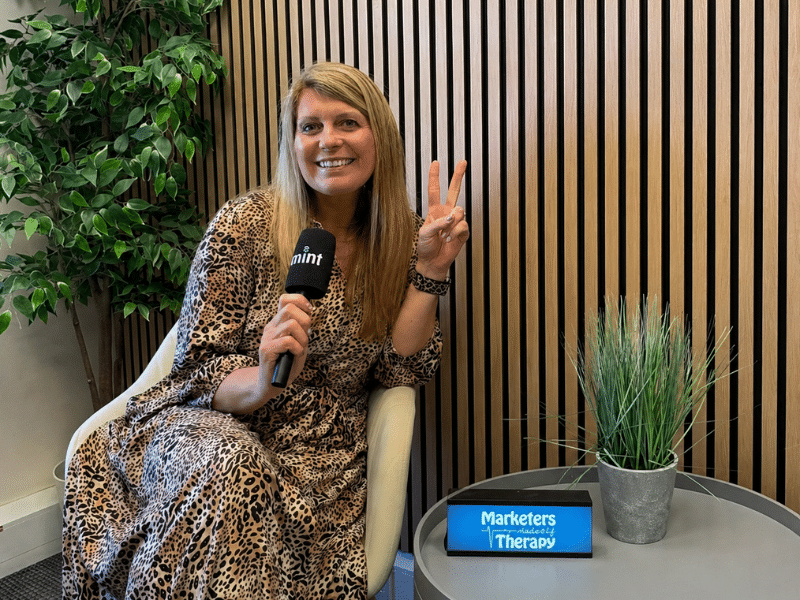 Emma smiling, holding microphone, peace sign.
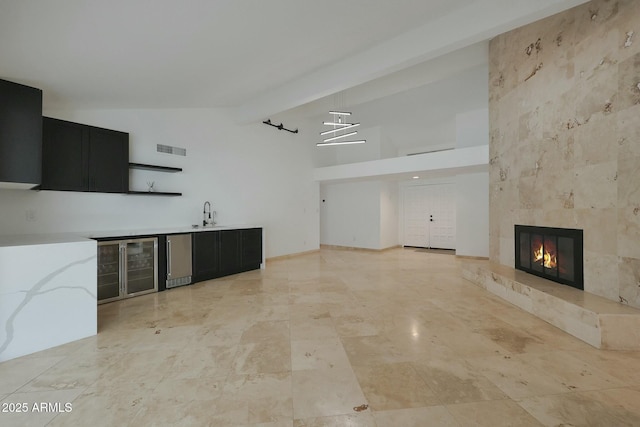 unfurnished living room with high vaulted ceiling, a sink, visible vents, beam ceiling, and a tiled fireplace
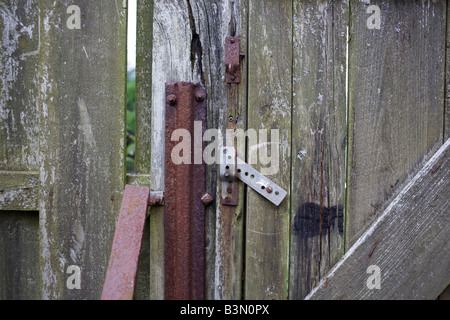 Rusting metal stakes and locks in back garden gate in the tiny hamlet of Waterloo, Isle of Skye, Scotland. Stock Photo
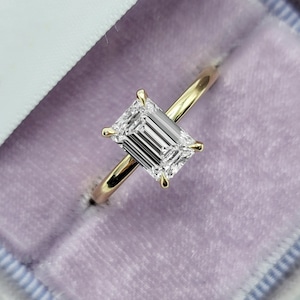 May include: A gold ring with an emerald-cut diamond. The diamond is clear and rectangular, set with four prongs. The ring is in a purple velvet box.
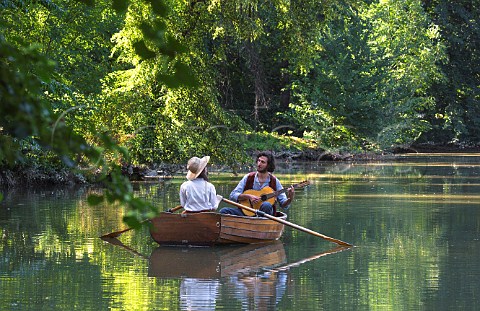 Couple in boat on lake in the park of Il Torrione Pinerolo Piemonte Italy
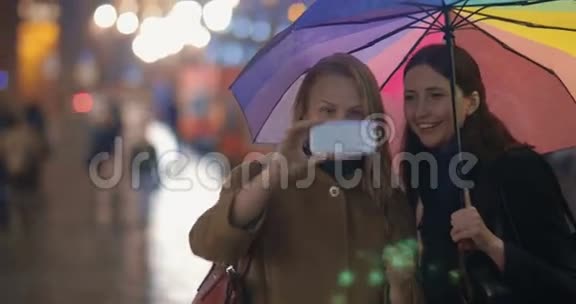 晚上下雨的城市女人在拍滑稽的自拍视频的预览图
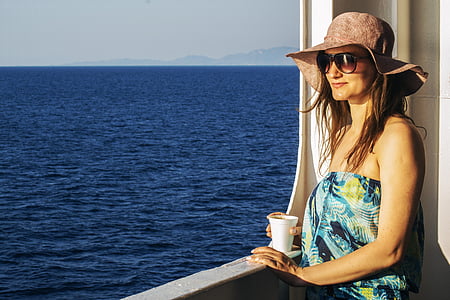 woman holding white cup thumbnail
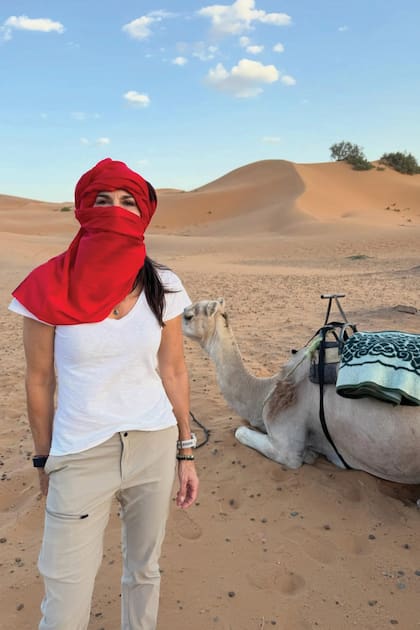 Con turbante, remera blanca y pantalón estilo cargo, posa en el desierto junto a un camello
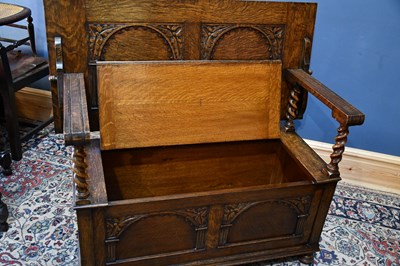 Lot 5 - A 1920s carved oak monk's bench, height 100cm,...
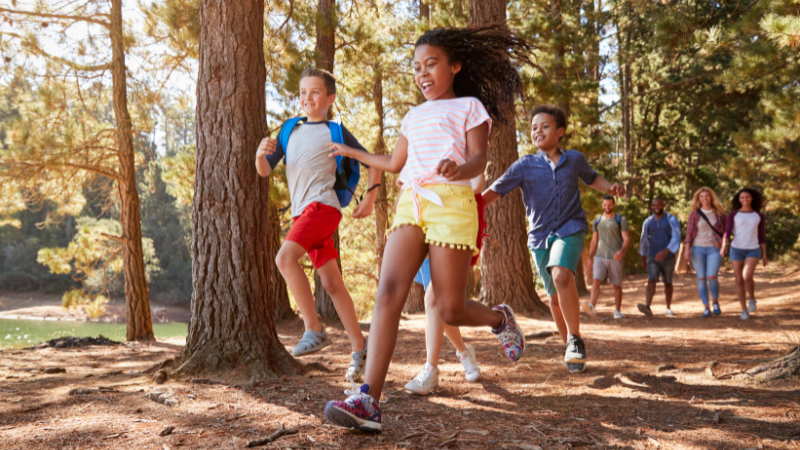 kids and adults running along trail in woods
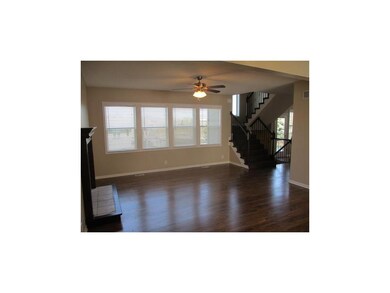 Open floor plan with gas fireplace.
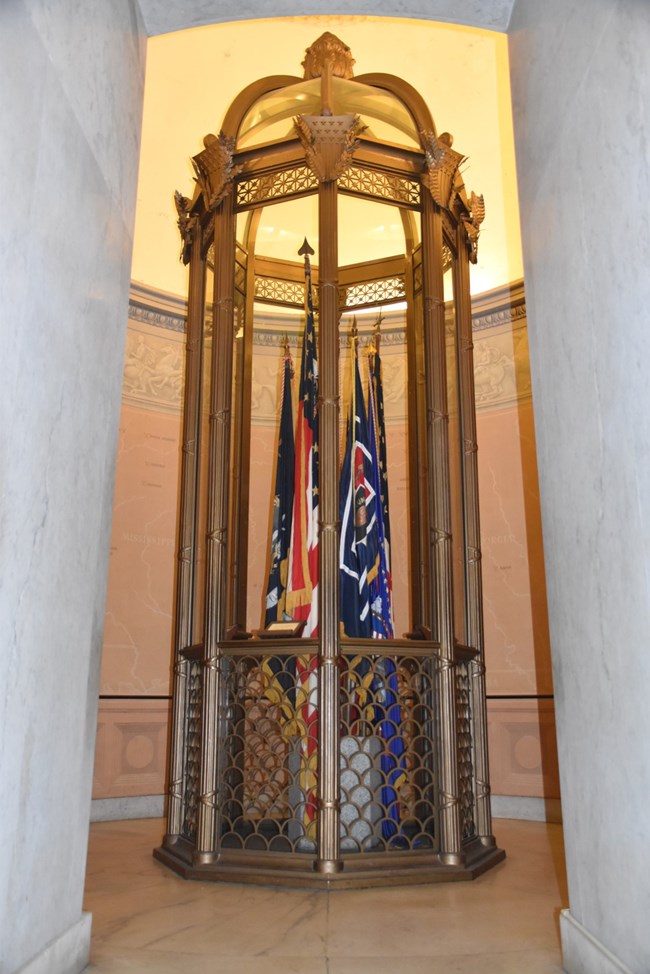 West Trophy Room at General Grant National Memorial Bronze case with glass windows displaying various flags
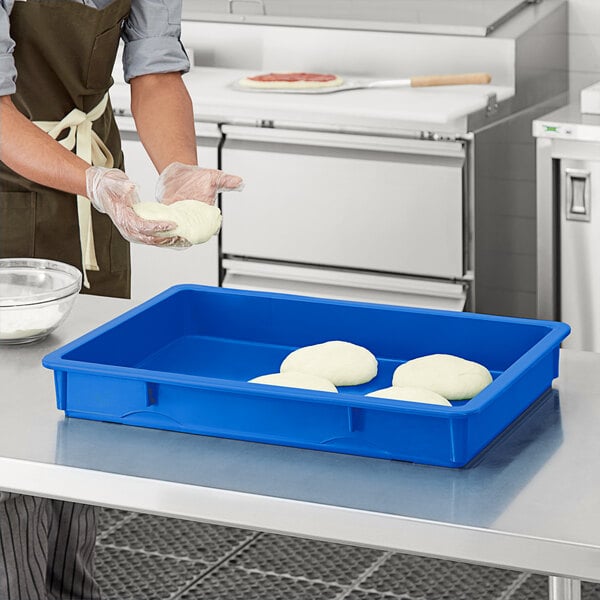 A person in a kitchen wearing gloves uses a blue Baker's Mark polypropylene dough proofing box to hold white dough.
==============================
■ **What this task involves**:
Would you return the records exactly, keeping out every picture?

■ **Answer area**:
 Emma smiling, holding microphone, peace sign.
 unfurnished living room with high vaulted ceiling, a sink, visible vents, beam ceiling, and a tiled fireplace
 Rusting metal stakes and locks in back garden gate in the tiny hamlet of Waterloo, Isle of Skye, Scotland. Stock Photo
 May include: A gold ring with an emerald-cut diamond. The diamond is clear and rectangular, set with four prongs. The ring is in a purple velvet box.
 Couple in boat on lake in the park of Il Torrione Pinerolo Piemonte Italy
 晚上下雨的城市女人在拍滑稽的自拍视频的预览图
 woman holding white cup thumbnail
 Con turbante, remera blanca y pantalón estilo cargo, posa en el desierto junto a un camello
 Lot 5 - A 1920s carved oak monk's bench, height 100cm,...
 kids and adults running along trail in woods
 Open floor plan with gas fireplace.
 West Trophy Room at General Grant National Memorial Bronze case with glass windows displaying various flags
 A person in a kitchen wearing gloves uses a blue Baker's Mark polypropylene dough proofing box to hold white dough.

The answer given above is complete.